Two frightening killers were on the loose, and the Sacramento Bee's readers wanted to protect themselves. They wanted more than descriptions of the attackers' clothing at the time of the murders. They wanted to know the criminals' race. The Bee, they accused editors, had allowed outdated policies to endanger public safety.
Challenged by readers and by bloggers who don't adhere to journalistic conventions, many editors have been thinking about loosening their rules for identifying race in crime stories.
In general, news outlets have avoided racial and ethnic identifiers unless they were important to the case, or, perhaps, if victims' descriptions were very detailed. They'd apply a test: Was the racial information useful to people in the community who might know the attacker or want to avoid harm themselves? Or was it so general that it only merely contributed to stereotypes about one group or another?
While many readers writing to the Bee and other outlets have attacked such reasoning as "political correctness" run amok, it's actually plain good sense. There's good reason to question the accuracy of most racial and ethnic identifiers, social science and legal experts have found, especially in crime situations.

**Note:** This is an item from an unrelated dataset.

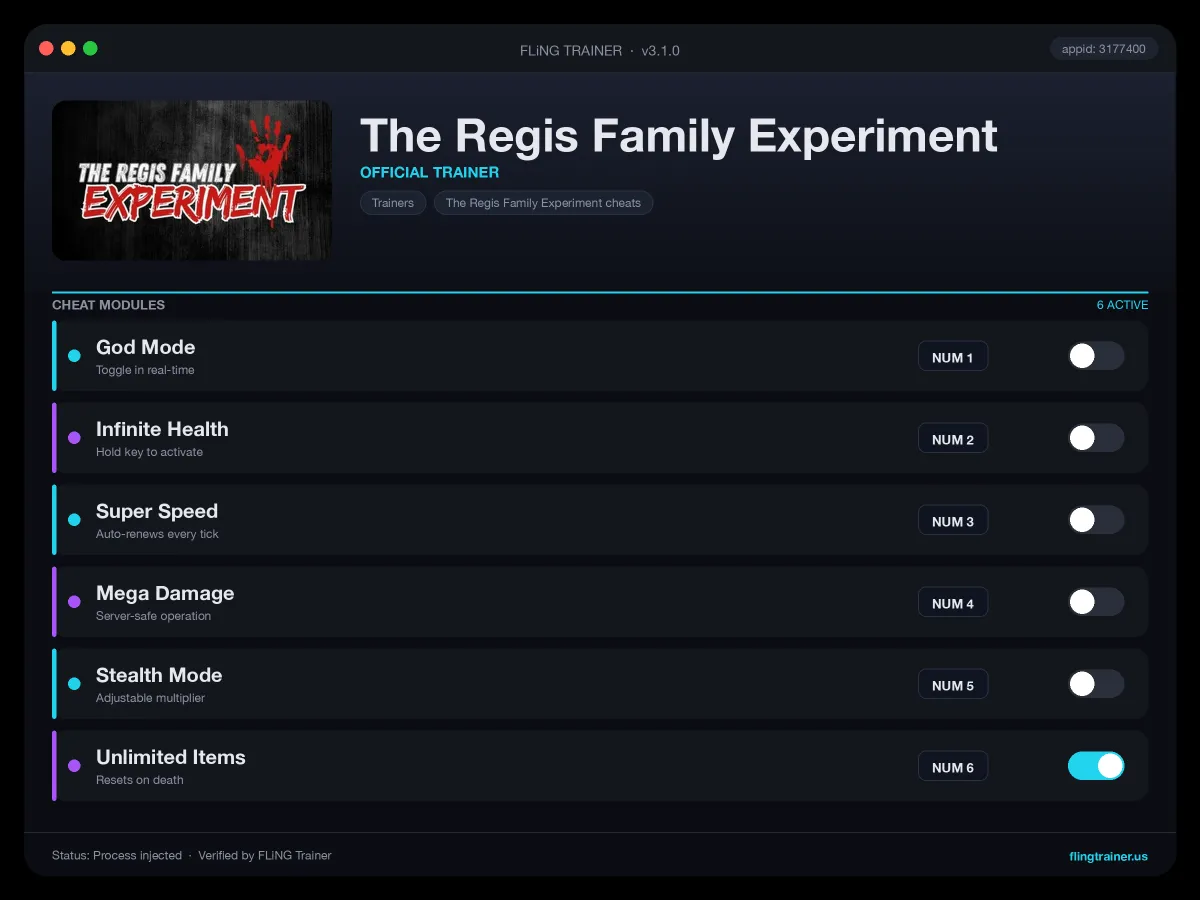 The Regis Family Experiment Trainer interface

Why include anything that is vague and doesn't add accurate details to a story?
First, there's the fuzziness of the very description. The skin color of people who are black, white, Asian or Hispanic varies greatly and can overlap. Family history, geography, even the amount of sun that an area normally gets can make a big difference. The skin of a "Hispanic" man, for instance, could be anywhere from rich black to creamy white.
We have a long history of mixed offspring in this country, and as mixed race families grow in number, simple categories organized by skin color, hair texture and eye shape are less and less useful. In one crime reported in the Los Angeles Times in 2001, witnesses described a single robber variously as white, African American, Puerto Rican, Brazilian and Middle Eastern.
Consider, too, how "race" affects our thinking, especially in a situation like a crime. More often than any other type of error, wrongful convictions of innocent people can be traced back to mistaken identification. Memory is delicate, and especially so when it comes to emotional situations, as well as cross-racial descriptions. In one classic study testing racial prejudice, participants who witnessed an event with one black man and one white man were more likely to report that a black person held a knife even when it was the white man.
More recent implicit association tests have found that overall, white people more quickly "see" an object in a black man's hand as a weapon, even if it is a tool or a can of Coke. In a review …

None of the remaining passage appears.